JEDDAH: Mystery on Monday surrounded an explosion at the Bushehr nuclear power plant in Iran amid growing tension over Tehran’s nuclear ambitions.

Iranian authorities said the 5 a.m. incident was related to an air defense drill, but also warned that Tehran would give a “crushing response” to any Israeli attack.

“This exercise took place with full preparation and coordination with the armed forces,” Bushehr’s deputy governor Mohammadtaqi Irani said, amid reports of anti-aircraft fire in the area.

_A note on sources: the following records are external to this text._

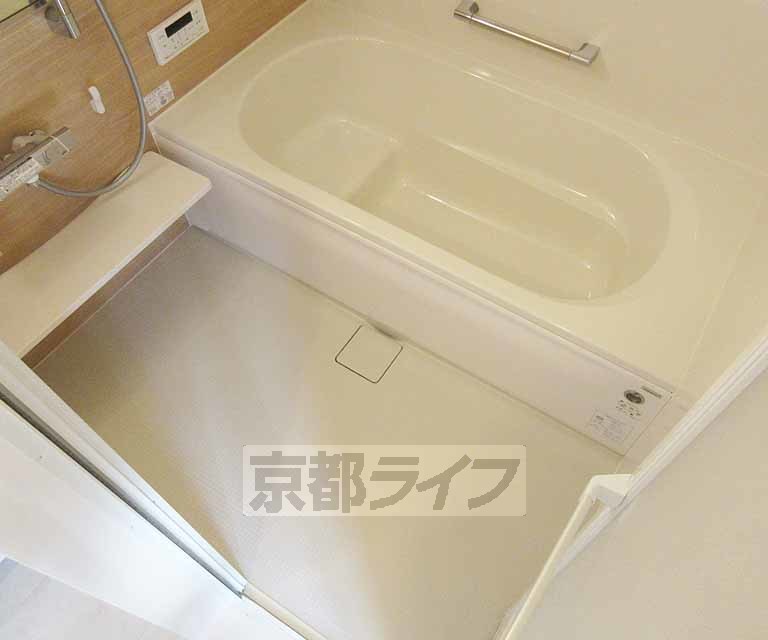 バス・シャワールーム　嬉しい追い炊き機能付きです。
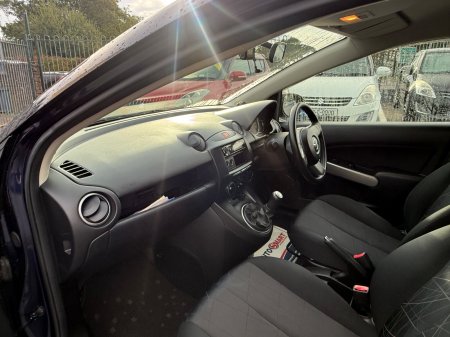 2013 Mazda Demio - photo 16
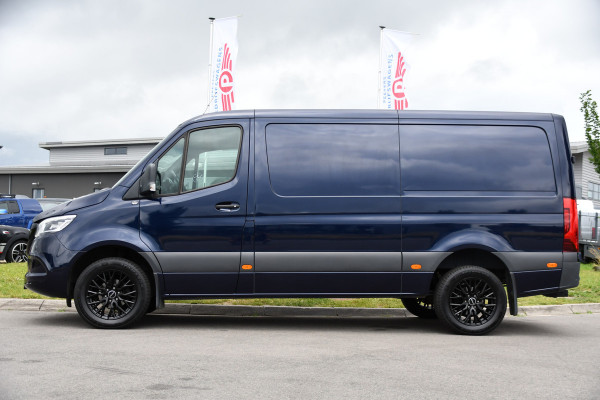 Mercedes-Benz Sprinter 319 V6 3.0 CDI L2H1 PB Edition Adapteive Cruise, 360 Camera, Carplay, LED, 10,5'' Mbux, LED, Sensoren, Trekhaak, Multimedia, Uniek!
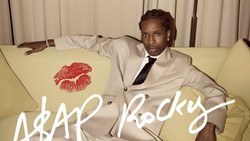 Video Raut Rihanna Setelah Hadiri Sidang Argumen Penutup A$AP Rocky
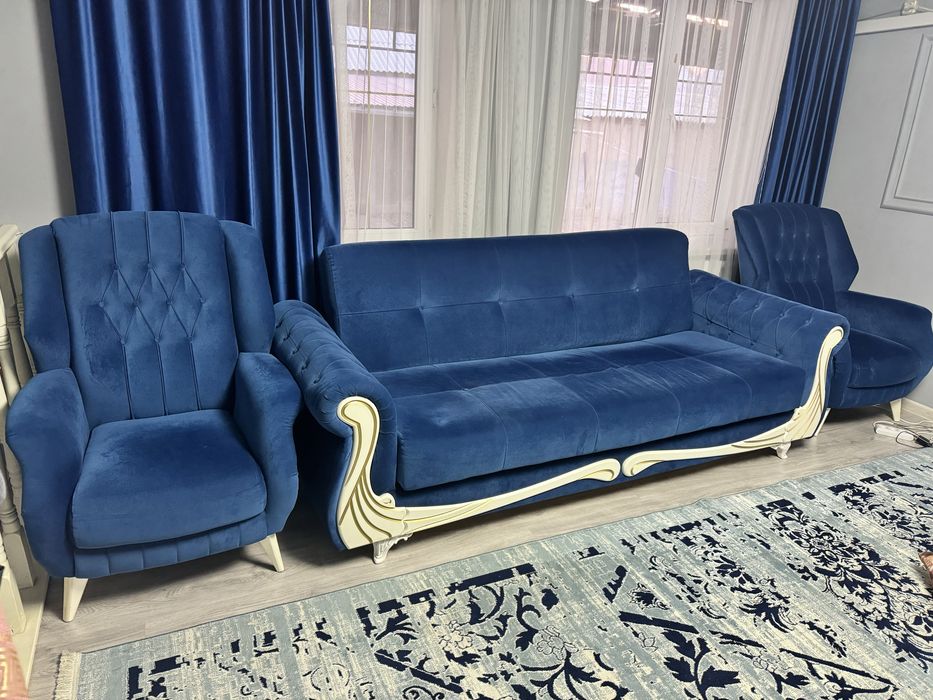 Диван с двумя креслами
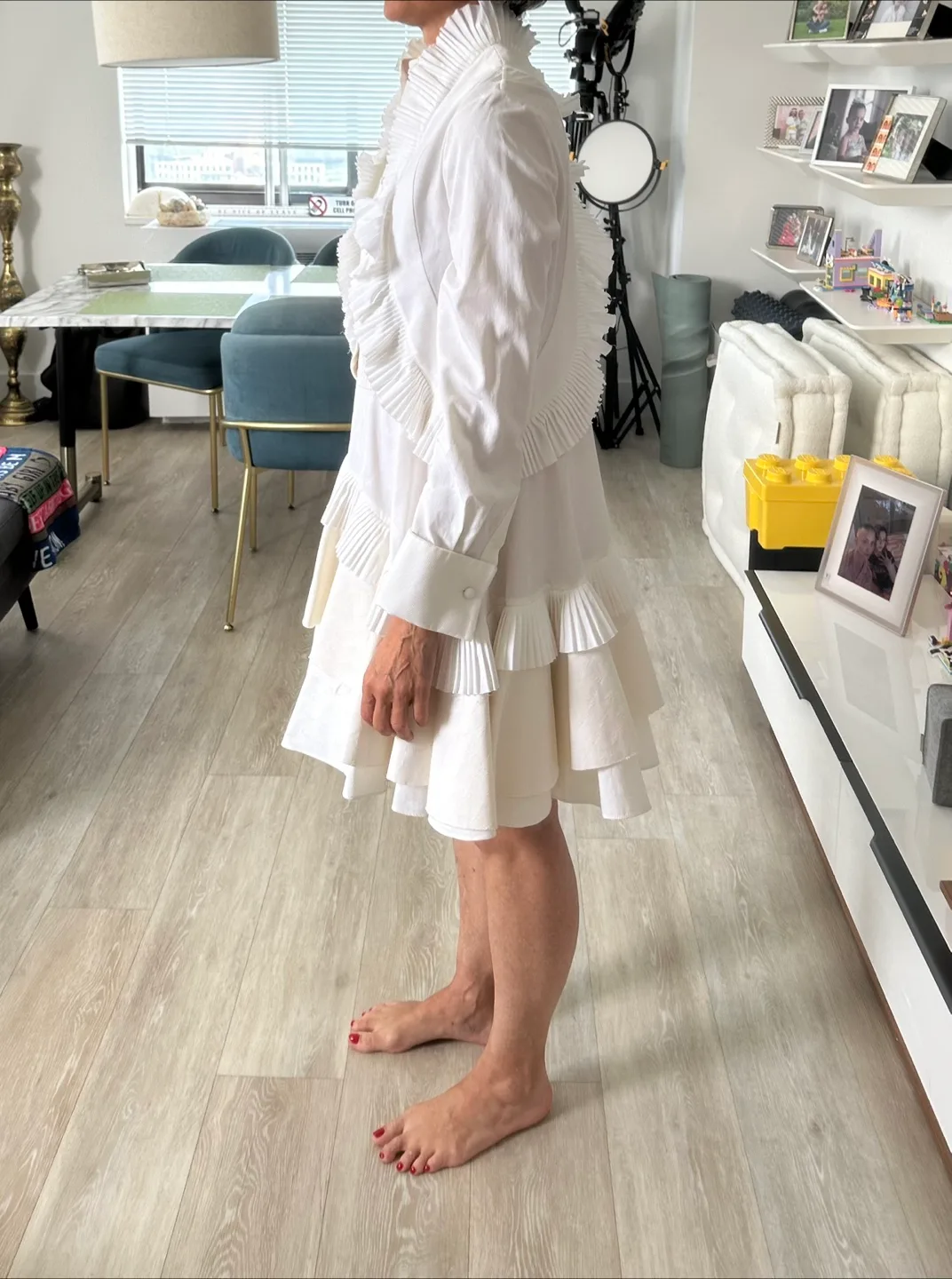 Alexander McQueen White Ruffled Dress Size 40 (US size 8) image indicator(2)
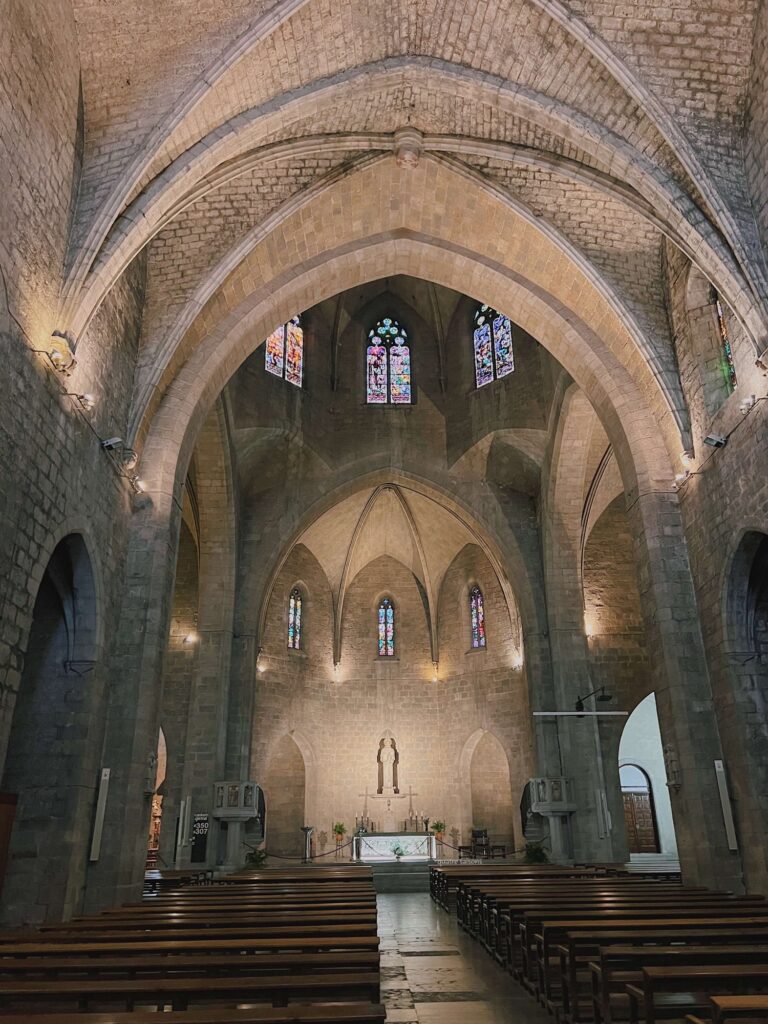 スペインの街フィゲラスにあるサン・ペレ教会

The incident is similar to another this month, when Iranian authorities said air defenses had fired a missile as part of a military drill after reports of a large explosion above the central town of Natanz, which houses Iran’s main nuclear research facility.

Israel has carried out several attacks on facilities linked to Iran’s nuclear program, including one in April at Natanz site, and has killed several Iranian nuclear scientists. It opposes efforts by world powers to revive the 2015 Iran nuclear deal, and has long threatened military action if diplomacy fails to prevent Tehran from acquiring a nuclear bomb. Israel has the Middle East’s only nuclear arsenal.

Iran said it would retaliate to any Israeli move against it. “If Israel carries out attacks against Iran, our armed forces will immediately attack all centers, bases, routes, and spaces used to carry out the aggression,” said Gholamali Rashid, a senior commander of the Islamic Revolutionary Guard Corps.

“Any threat to Iran’s nuclear sites and military bases by the Zionist regime is not possible without the green light of America.”

Talks with Iran in Vienna to reinstate the nuclear pact have made little progress since they resumed last month for the first time since Iran’s hard-line president, Ebrahim Raisi, was elected in June. The talks are expected to resume on Dec. 27.

The 2015 deal lifted sanctions against Iran in return for tough restrictions on its nuclear activities aimed at extending the time it would need to obtain enough fissile material for a nuclear bomb.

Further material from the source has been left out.